以前は辻子谷はかなり楽な道だと思っていた。12年前には石切から生駒山上遊園まで休憩無しで80分ほどで登っている。坂の勾配は変わらないのに、今では息切れが激しい。若い頃と比べると寂しくなるばかりだけれど、無理せず、膝を労りながらゆっくり登っていこう。
山頂手前にある興法寺との関係だろうか、多数のお地蔵様が並んでいる。お地蔵様に出会う度に手を併せて拝んでいくと、息を整えながら楽に山道を登っていけるという「発見」をしたのも随分と前のこと。今ではお地蔵様に出会う度に座り込みたくなる。
辻子谷も後半は石段や丸太階段が多くなる。さほどの段差はないけれど、この程度の段差でも今の膝にはちょっとキツイ。涼しいうちに歩き通したいと思うものの、痛みが増さないよう、適度に休憩を挟んでいく。
興法寺。行基の手による千手観音を本尊として、役行者が開基し、弘法大師空海が諸堂を整備したと伝わる。日本の仏教史における3大スーパースター(と私は思っている)の事績が交叉する古刹なんだけど、今日は参拝する気力も体力も無い。
以前は辻子谷の登山道からそのまま生駒山山頂に登れたものが今では通行止。土砂崩れとかいう話も聞くけれど、実のところ生駒スカイラインの徒歩横断が問題なのではなかろうか。まあ今日の主目的はぬかた園地なので、山頂を手前に南進。大阪平野はひどく霞んでいる。
ぬかた園地のあじさい園に到着。手毬のような紫陽花がたわわに咲き誇っている。実のところ紫陽花の花は驚くほど軽く、茎も垂れ下がらないため、「たわわ」という言葉は不適当なのだろうけれど、他に適当な形容が思い付かない。
およそ1500mの遊歩道に沿って水色、ピンク、白など、多様な紫陽花が咲いている。紫陽花しかない道なのだ。実はこの道、紫陽花のピークも終わり、茶色く枯れた花ばかりが残る寂しい時期にしかこれまで訪問することが無かったのだ。
ガクアジサイも多くみられる。一見地味に感じるけれど、よく見るとなかなか可愛い花だ。ホンアジサイと同様、様々な色がある。

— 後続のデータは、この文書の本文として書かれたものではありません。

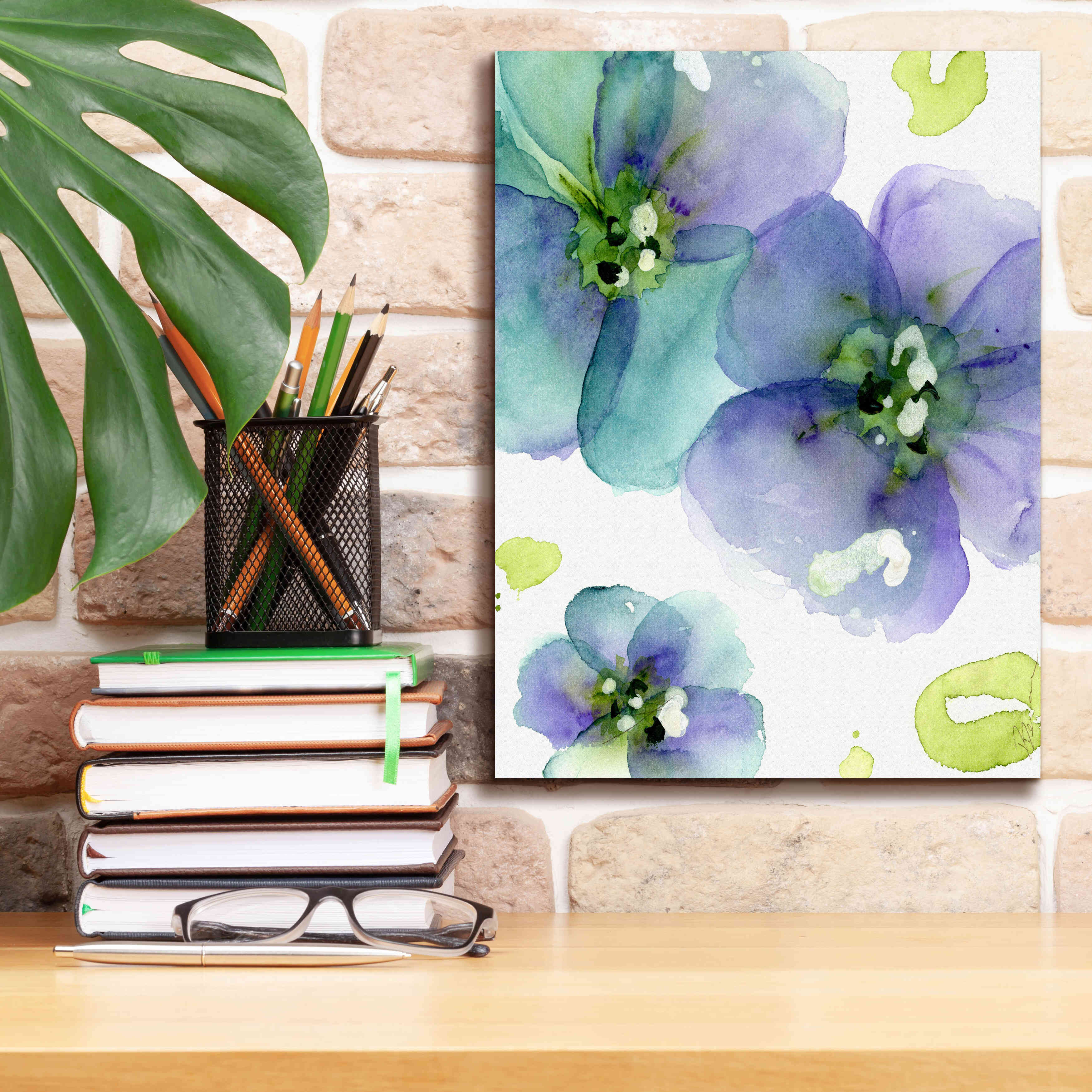 'Blue Flowers' by Dawn Derman, Giclee Canvas Wall Art,12x16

紫陽花って、虫が付きやすいという印象が強いんだけれど、ここは何故か虫の気配を感じない。葉も虫に齧られたようなところが見当たらない。かなり力を入れて手入れしているのだろう。
虫は見当たらないけれど、園内の池では大きな声でウシガエルが鳴いている。池の畔にいた大きなウシガエルの写真を撮ろうと近づくと、一斉に池に飛び込んでしまい、鳴き声も止んでしまった。長らく見張っていたんだけれど、相当警戒されているようで姿を見せない。
朝9時頃に着いた時にはほぼ無人貸し切り状態だったというのに、その後続々とハイカーがやってきた。平日とはいえ、皆ここの紫陽花を目当てにやってきたようだ。
紫陽花の花の色は、アントシアニンという色素の影響だと聞く。土壌が酸性だと青、アルカリ性だと赤だという。日本は酸性度が高い土壌が多いせいで青の紫陽花が主流らしいけれど、ところどころ赤いものも見られる。何か土壌に工夫を加えているのだろうか。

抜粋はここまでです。